Alors que certains pays de l’EAC tendent vers l’interdiction de la friperie, au Burundi, elle gagne au contraire du terrain. Normal, dans un contexte de la déplorable quasi-inexistence de l’industrie textile.
Lundi 26 août, 7h du matin, zone Buyenzi de la commune Mukaza. Le marché le plus connu de la place, celui de Ruvemera pour être précis, grouille de monde. Ce matin, Jonas, vendeur détaillant des chemises de seconde main, a été trop matinal. Il devait se ravitailler à son fournisseur, grossiste : « Tu sais ici, entre vendeurs, on se voue une concurrence sans merci. Si tu veux te procurer d’habits de première qualité, tu ne dois pas être encore au lit à 5 h du matin », explique Jonas, en train d’ouvrir son échoppe. « Un commerce certes fatigant mais qui rapporte et qui fait vivre plusieurs familles », ajoute ce natif de la commune Buraza de la province de Gitega.

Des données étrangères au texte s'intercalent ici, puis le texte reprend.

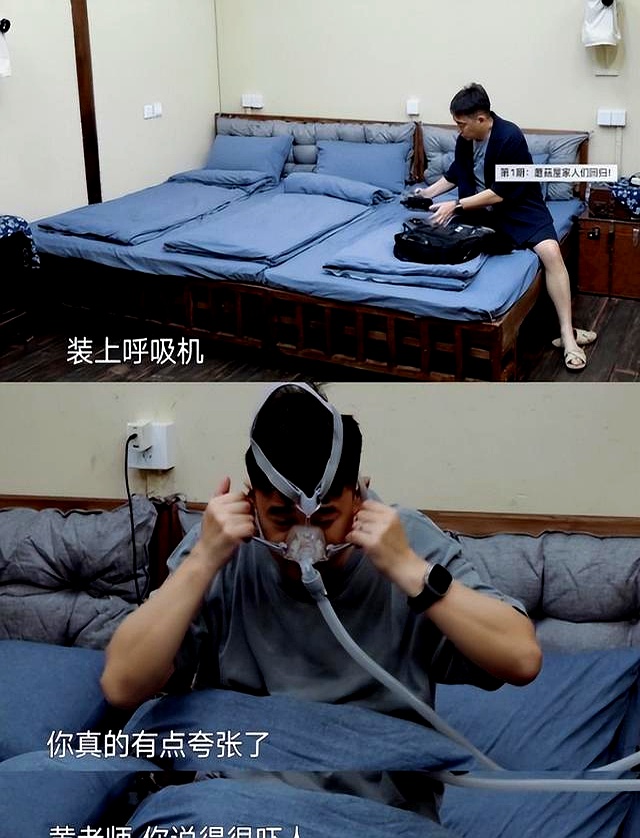 51岁何炅体检报告_何炅视频_何炅身体状态分析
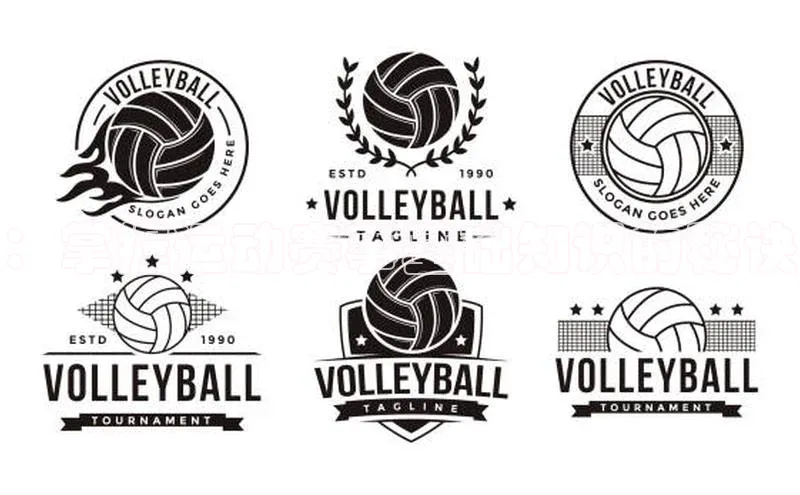 ：掌握运动赛事基础知识的秘诀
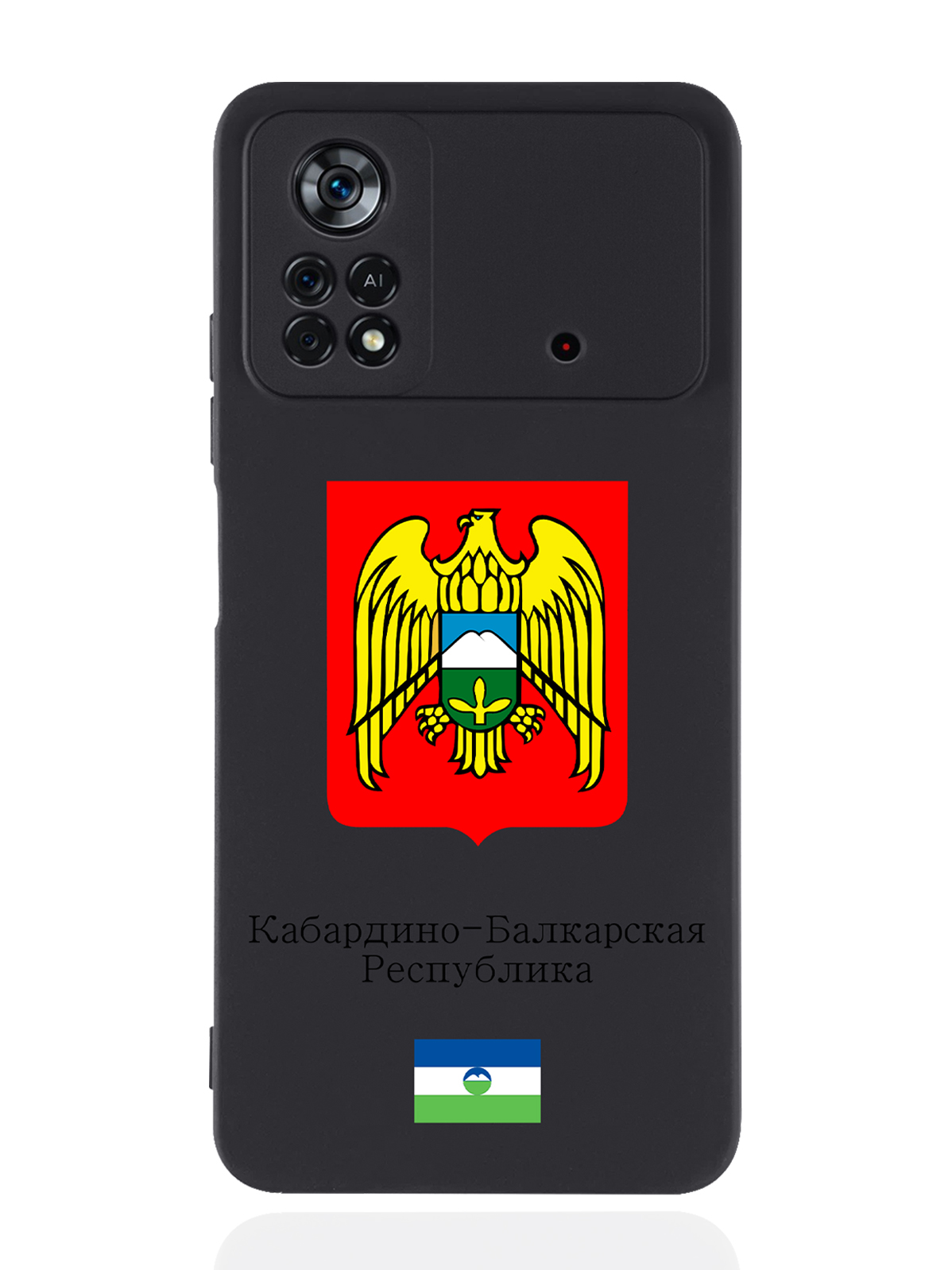 фото Чехол signumcase для poco x4 pro 5g герб кабардино-балкарской республики черный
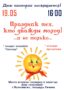 den-pionerii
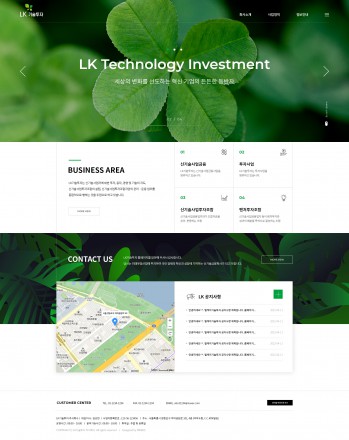 엘케이기술투자 주식회사 PC & MOBILE SET 홈페이지제작 포트폴리오 보기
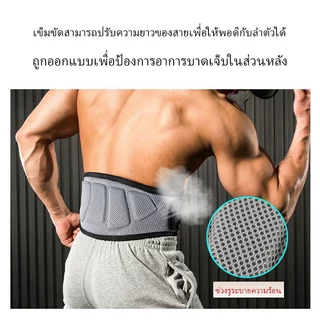 เข็มขัดฟิตเนส สำหรับทุกเพศ รุ่นใหม่แบบใหม่ ระบายความร้อน เข็มขัดยกน้ำหนัก สำหรับการออกกำลังกาย ยกเวทช่วยเซฟหลัง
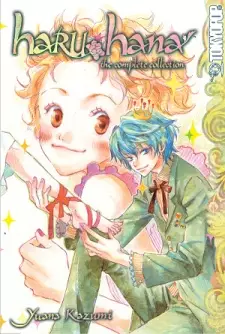 Gambar Manga HaruHana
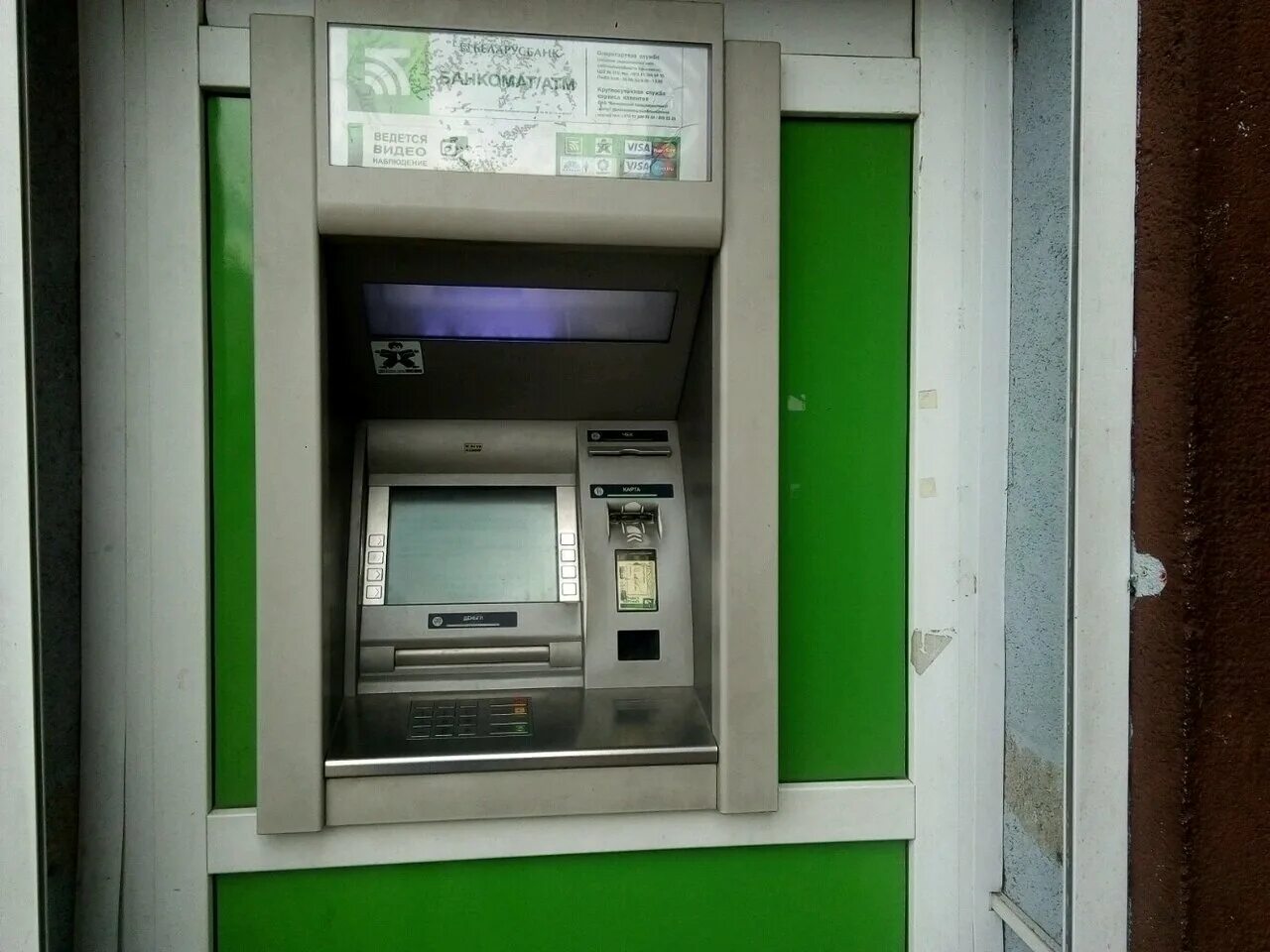 Беларусбанк банкомат рядом. Банкомат Беларусбанк. Банкоматы в Белоруссии.
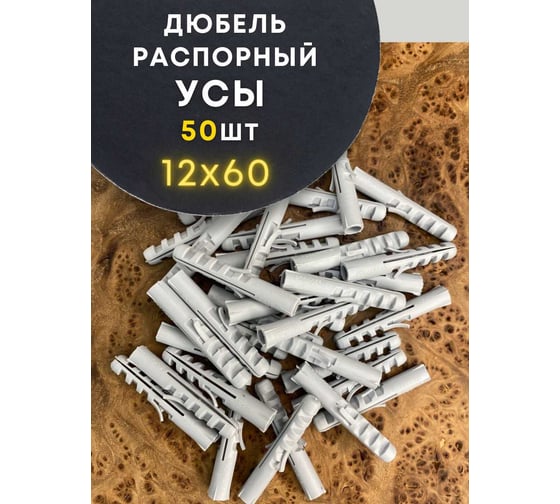 Дюбель распорный 23 БОЛТА УСЫ 12x60, 50 шт B230012060У3025ф50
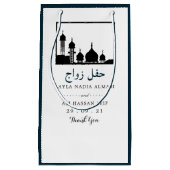 Islamic Mosque Silhouette Wedding Klein Cadeauzakje (Voorkant)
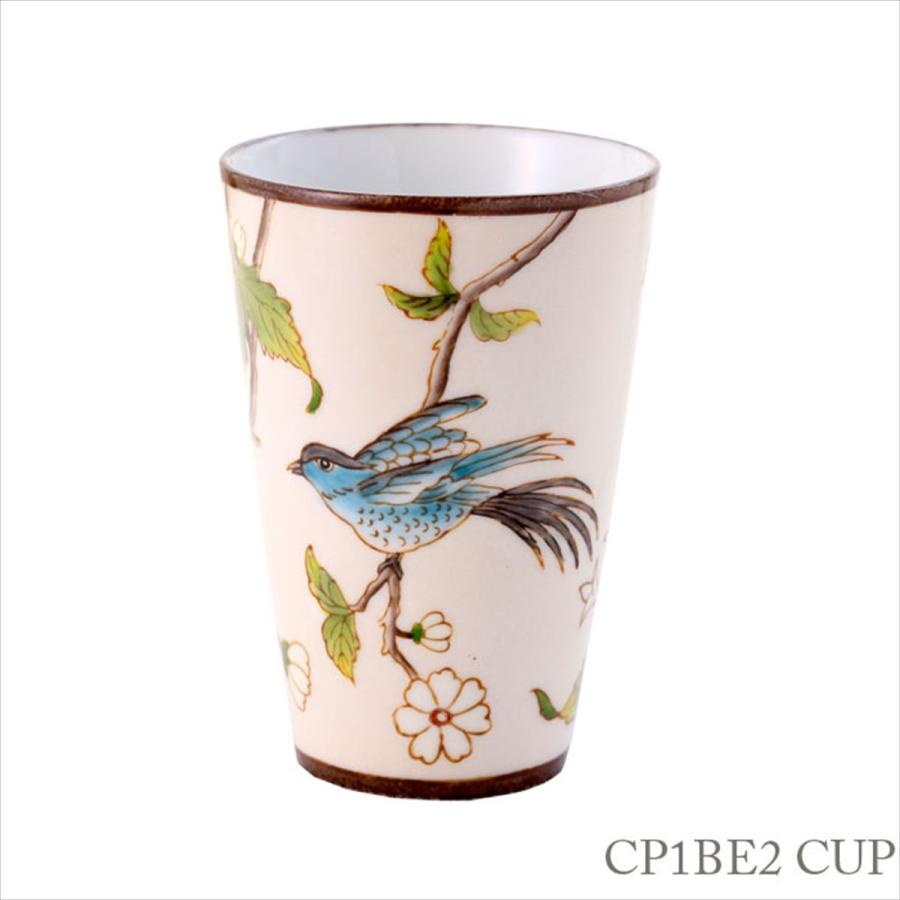 THE-SECRET-GARDEN シノワズリ ゴブレット 全12種類 花鳥柄 オール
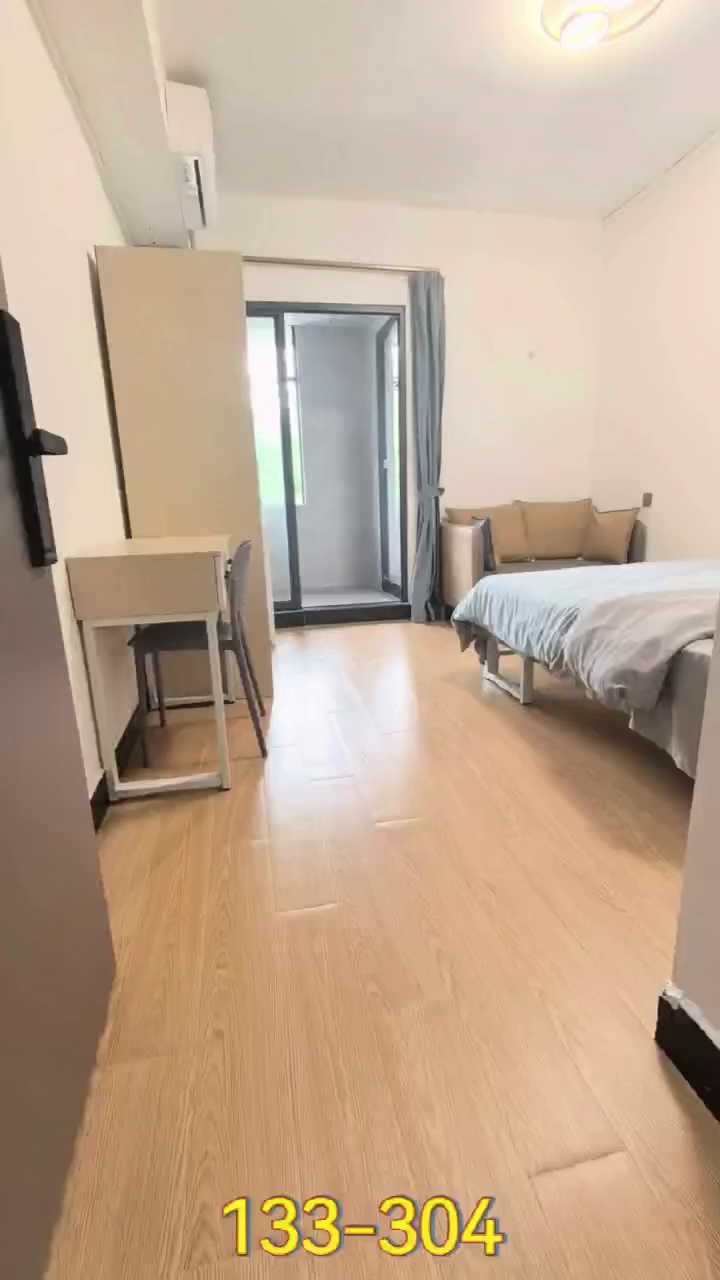 白石龙 逸秀新村 ：精装单间 ：2080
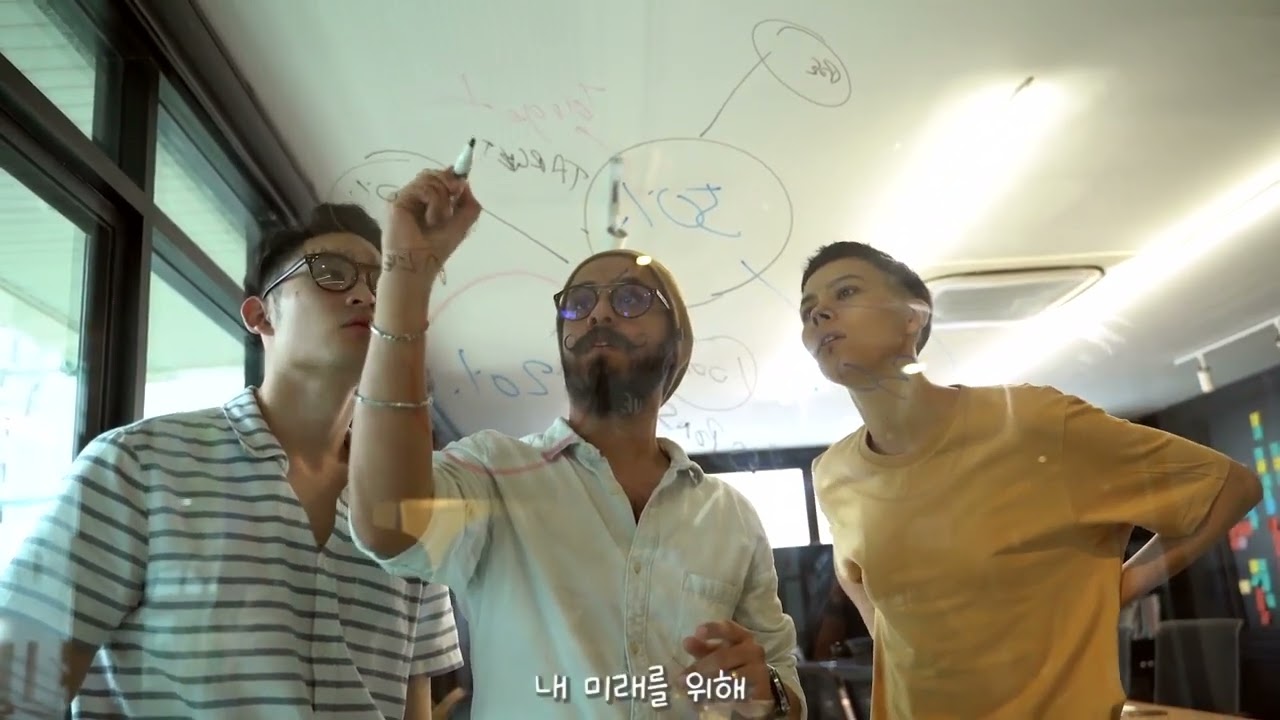  유원대학교 스마트평생교육학부 소개영상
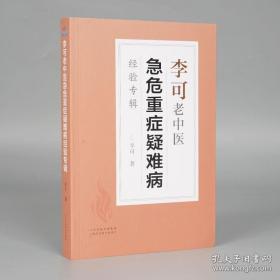 李可老中医急危重症疑难病经验专辑 李可老中医经典 医药中医养生 中医临床与研究 畅销中医书籍中医基础学习教材WX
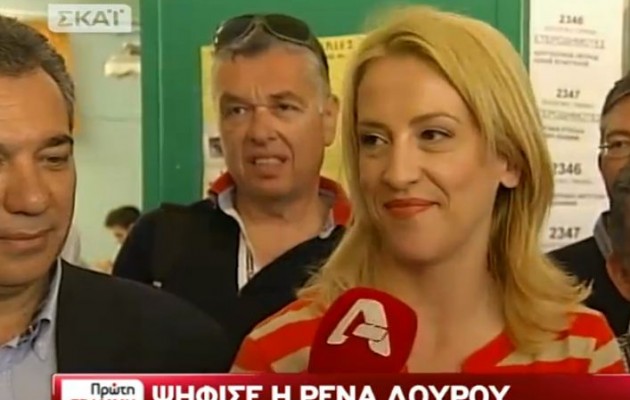 Δούρου: Να πάρουμε τις ζωές μας πίσω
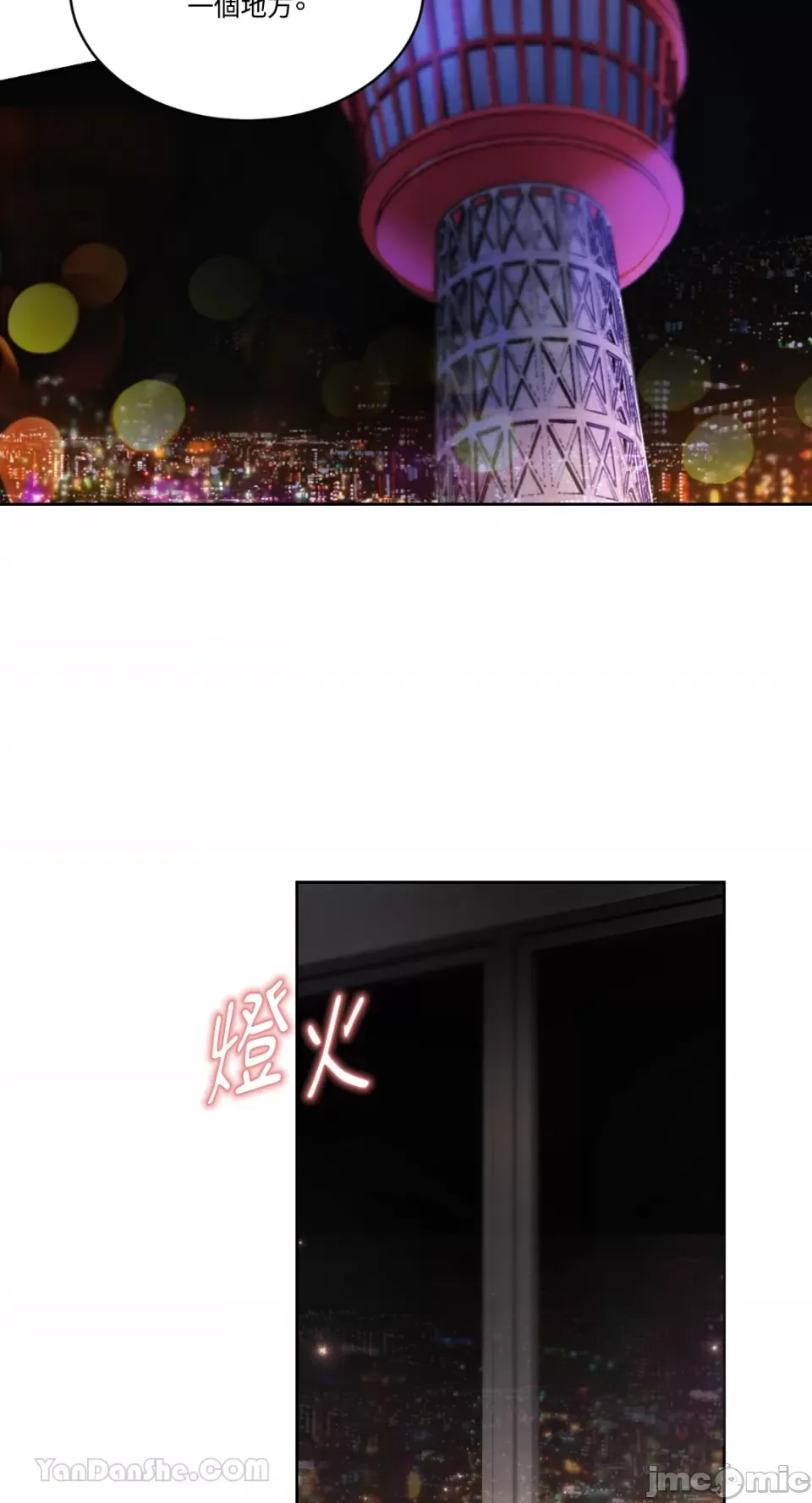 Ăn bạn ♥ ( Ăn - Chương 1-7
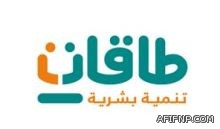 وزير الحج: فتح التراخيص لشركات العمرة… قريباً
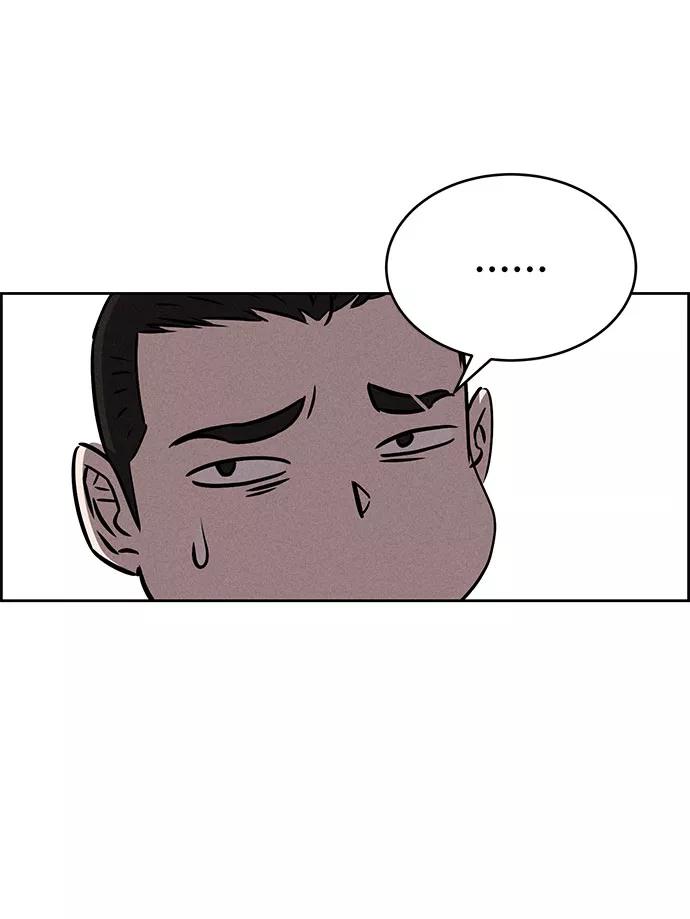 《笨蛋天才》第66话 第33页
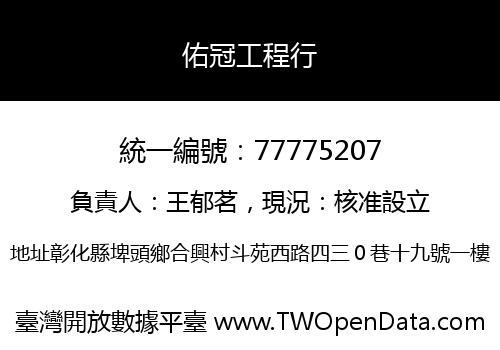 佑冠工程行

Un commerce dans le viseur de l’EAC
Jonas et ses « collègues » le savent. Les pays de l’EAC tendent vers l’interdiction de l’importation de vêtements et de chaussures usagés à l’horizon 2019 pour stimuler l’industrie textile locale. Et des pays comme le Rwanda, la Tanzanie et l’Ouganda n’ont pas lésiné. Ils ont déjà commencé à trop imposer les habits d’occasion importés. Ainsi par exemple, le Parlement tanzanien a voté en juin 2016 un budget préconisant la hausse des droits à l’importation sur les vêtements d’occasion en raison de 0,4 dollars américain par kilogramme au lieu de 0,2 dollars initialement prévu. De même , l’Ouganda a également annoncé la hausse des droits de douane sur les vêtements usagés. Le Rwanda de son côté a augmenté les droits d’entrée sur les mêmes articles, passant de 0,2 à 2,5 de dollars américains par kilogramme.
Une tendance qui se heurte à l’opposition des Etats-Unis et qui apparaît à ses yeux comme une violation des termes de l’AGOA (African Growth Opportunity Act) qui stipulent une élimination des barrières au commerce avec les USA. D’ailleurs, sous la pression américaine, le Kenya initialement associé à l’action de ses voisins, a décidé de se rétracter face à la menace de perdre son accès au marché américain.
Et au Burundi ?
Jusque-là aucun vent d’une probable interdiction des fripes, du moins dans un futur proche. Un cadre du ministère du commerce parle au contraire d’un gain énorme provenant de leur commerce. En 2017 par exemple, le pays a importé plus de 6 010,9 tonnes de friperies pour 6,7 milliards de Fbu. En 2018, 11 366,4 tonnes ont été importés pour une valeur de 14,7 milliards de Fbu. Un commerce des plus florissants, ce qui n’est pas sans satisfaire Jonas pour qui « l’interdiction de la friperie est tout simplement impensable pour un pays comme le Burundi ne disposant pas d’industrie textile digne de ce nom ».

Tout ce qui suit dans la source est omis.